No cayó en picado al suelo, pero perdió todo su impulso ascendente, quedando suspendido en el aire, aturdido, desorientado y totalmente vulnerable a solo cuarenta pies del suelo.
El Gran Tejón, envuelto en su imponente armadura fantasmal amarilla, no dudó ni un microsegundo. Impulsado por una rabia pura y sin adulterar y el combustible ardiente de su propia esencia, se alzó sobre sus patas traseras. La silueta fantasmal imitó sus movimientos, transformando a la bestia en un titán de esencia de sesenta pies de altura.
Estrelló sus brillantes y descomunales garras fantasmales directamente contra el insecto detenido.
El impacto sonó como el derrumbe de una montaña. La pura fuerza cinética del golpe del Tejón eludió por completo la iridiscente armadura de zafiro del Ala de Terror, agrietando su exoesqueleto y aplastando violentamente su tórax inferior.
El Ala de Terror chilló… un agudo grito mecánico de pura agonía que reventó los tímpanos de los lacayos que combatían abajo.

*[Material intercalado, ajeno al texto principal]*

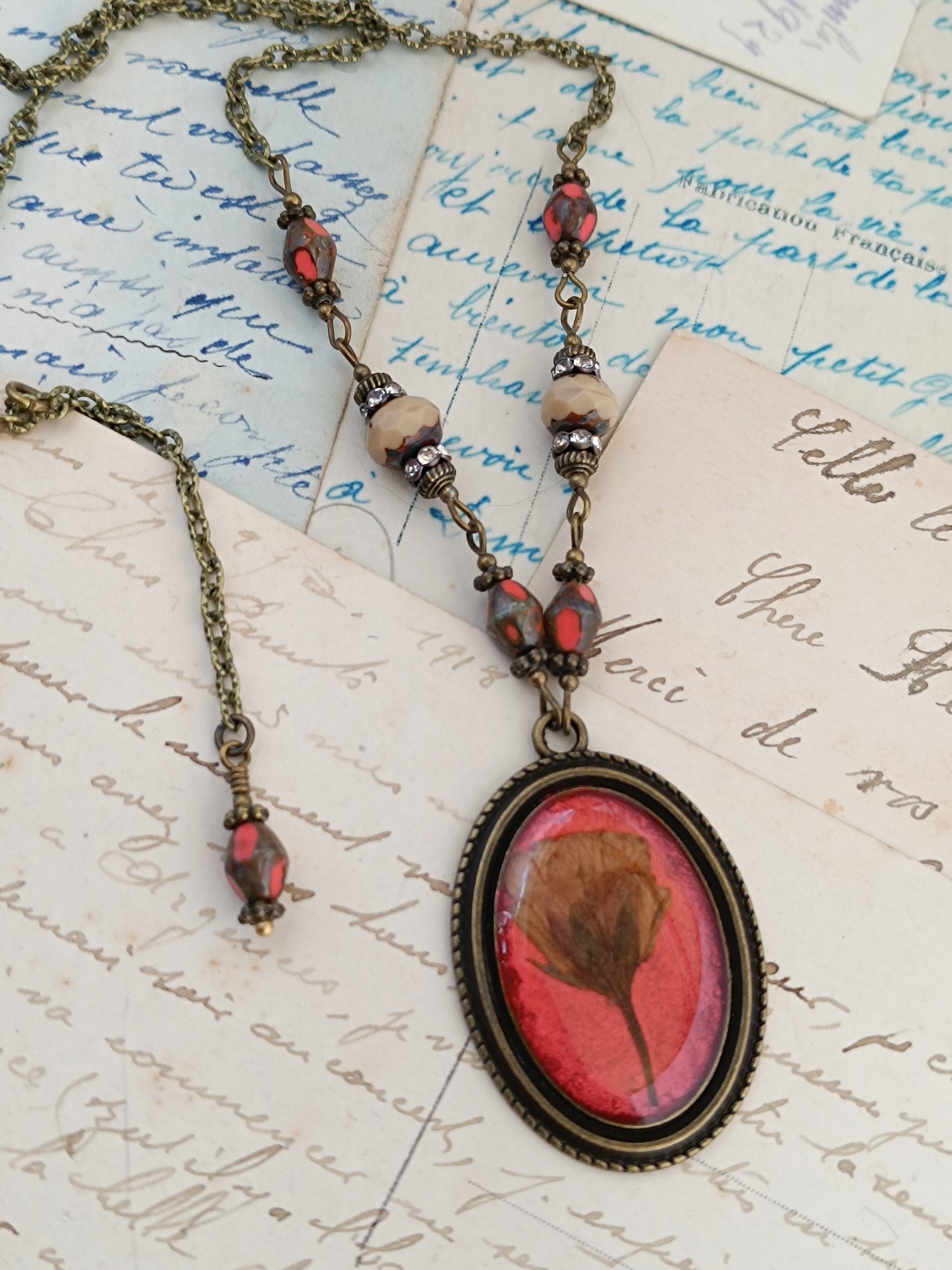 Collier Cabochon Fleurs de Cerisier Rouge Orangé Bronze Antique Pièce Unique 4 x 2,8 cm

La libélula gigante fue derribada del cielo de un manotazo, estrellándose contra la tierra fangosa y empapada de sangre con la fuerza de un meteorito en caída, enviando una onda expansiva de tierra y hormigas aplastadas en todas direcciones.
El Gran Tejón cayó inmediatamente a cuatro patas, el suelo se resquebrajó bajo su peso, y cargó contra el insecto en tierra, con la intención de arrancarle del cuerpo sus delicadas alas cristalinas y aplastarle la cabeza.

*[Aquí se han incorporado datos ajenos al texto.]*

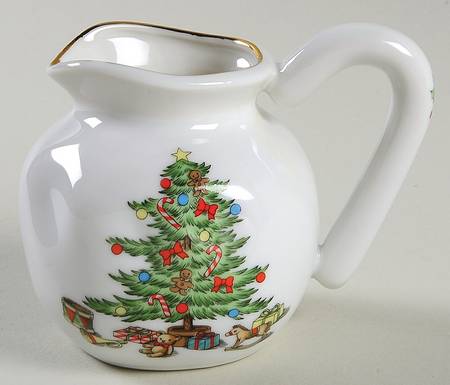 Home for the Holidays (Gold Band&Trim) Creamer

Sol observaba con la respiración contenida. El plan había funcionado a la perfección. El Ala de Terror estaba gravemente herido, y su ventaja principal… su velocidad… estaba completamente neutralizada. El Tejón estaba haciendo exactamente lo que Sol necesitaba: dejar su futuro botín al borde de la muerte.
Pero el Señor Alanefasto era un depredador supremo de la Gran Orrath. Era un Soberano de Nivel 3. Había dominado los cielos, y no iba a morir silenciosamente en el fango a manos de un mamífero terrestre.
Mientras el colosal Tejón, fortalecido por el fantasma, se abalanzaba para dar el golpe de gracia con sus enormes fauces bien abiertas, el Ala de Terror, gravemente herido, retorció violentamente su tórax aplastado.
Sus ojos multifacéticos ardieron con una aterradora y tóxica luz interior. No intentó volar. No intentó esquivar. Acorralado, lisiado y enfrentándose a la aniquilación absoluta, el Señor Alanefasto no se contuvo. Abandonó todo instinto de supervivencia y recurrió directamente a su propia esencia.
Desató todo su poder absoluto, preparándose para responder al asalto fantasmal del Tejón con un contraataque catastrófico propio.
Para empezar, superó sus límites biológicos y usó como arma la totalidad de sus reservas de ácido hiperconcentrado.
Sus ojos multifacéticos ardieron con una aterradora y tóxica luz interior. Sus enormes mandíbulas se desencajaron y desató una erupción volcánica de muerte verde neón a quemarropa, directamente sobre el Gran Tejón.